秋雨や満員電車どこかに赤子 村越敦
雨が降ると、肌寒さを覚える季節になった。
人々は、いつもより少し厚着をして、朝の通勤電車に乗り込む。
乗車率が二百パーセントを越えて来ると、
普段よりも余計な圧迫を体に受ける。
それでもそんな窮屈さにすっかり慣らされた大人たちは、
気にも留めない様子で全くの無表情のまま、
車窓に張り付く無数の雨粒を眺めている。
どこかで赤子が泣き出した。
線路の上を転がる車輪の低い音しか聞こえていなかった車内に、
甲高い金切り声が鳴り渡る。
その声の方角から、おおよそどの辺りで泣いているかは見当がつく。
ただ首を回そうにも、他人の体で自分の体が固定されているから、
顔を真横に向けるのさえ容易ではない。
仕方がないから、黙ったままで外を見ている。
赤子は泣き止む様子はない。
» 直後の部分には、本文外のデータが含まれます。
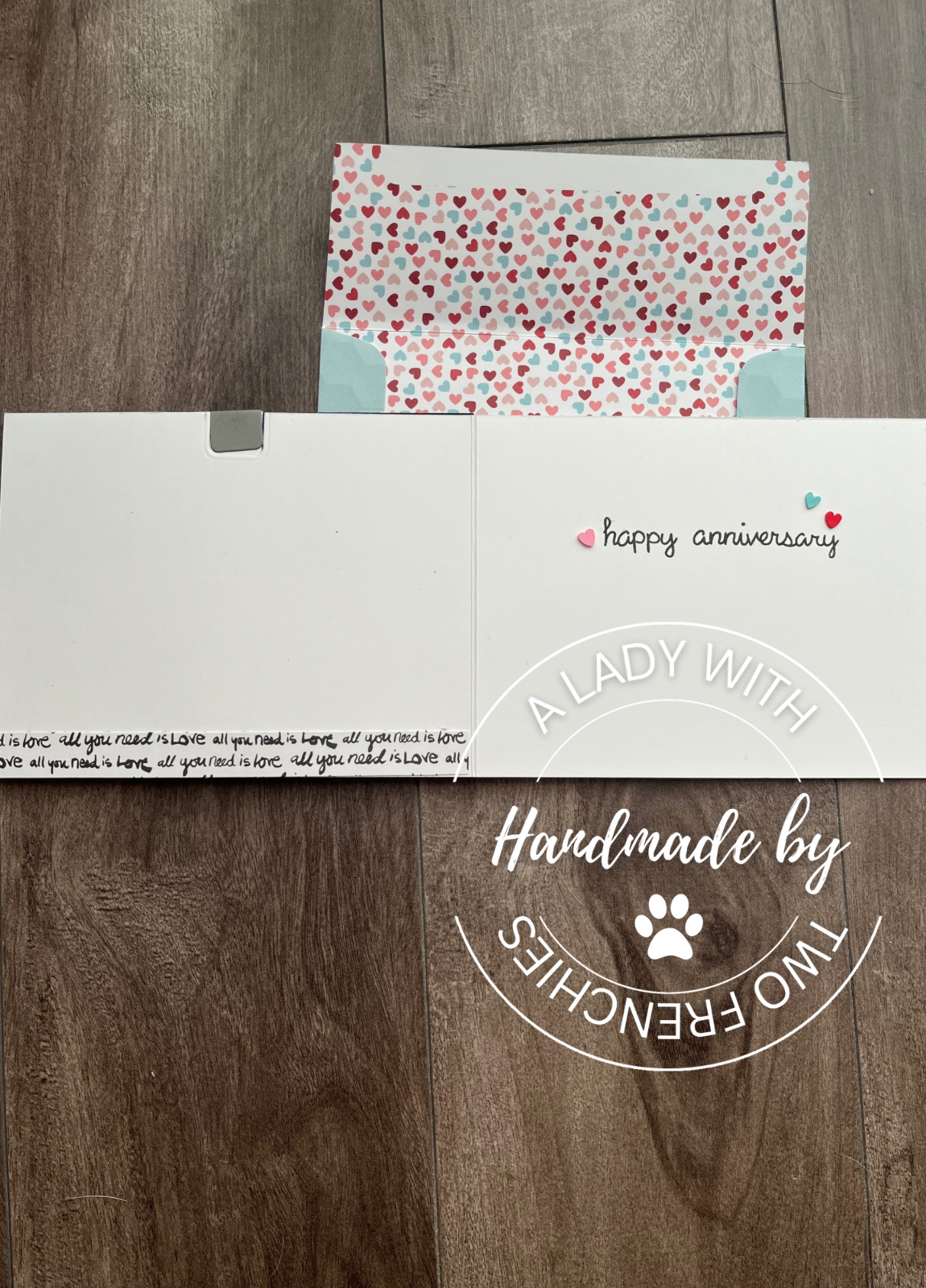 Camera Card - Anniversary Polaroid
それも無理はないだろう。
まだ骨格さえ丈夫ではない柔らかな体が、
見知らぬ連中の固い体に押されるのである。
そしてそのいずれの顔を見ても、
母親のように優しく微笑みかけてくれる表情はない。
母親はなぜ、朝の通勤時間帯に幼いわが子を抱いて、
果敢にもこのような満員電車に体を押し込んだのであろうか。
そこには、切実な社会状況があるのかもしれない。
この低賃金の時代、
もはや夫の稼ぎだけでは充分に子供を養えないのか、
あるいは夫とはすでに離縁してしまっているのか。
子を産み育てるのは、決して楽しいばかりではない。
一方に、現代ならではの過酷な現実が影を潜めている。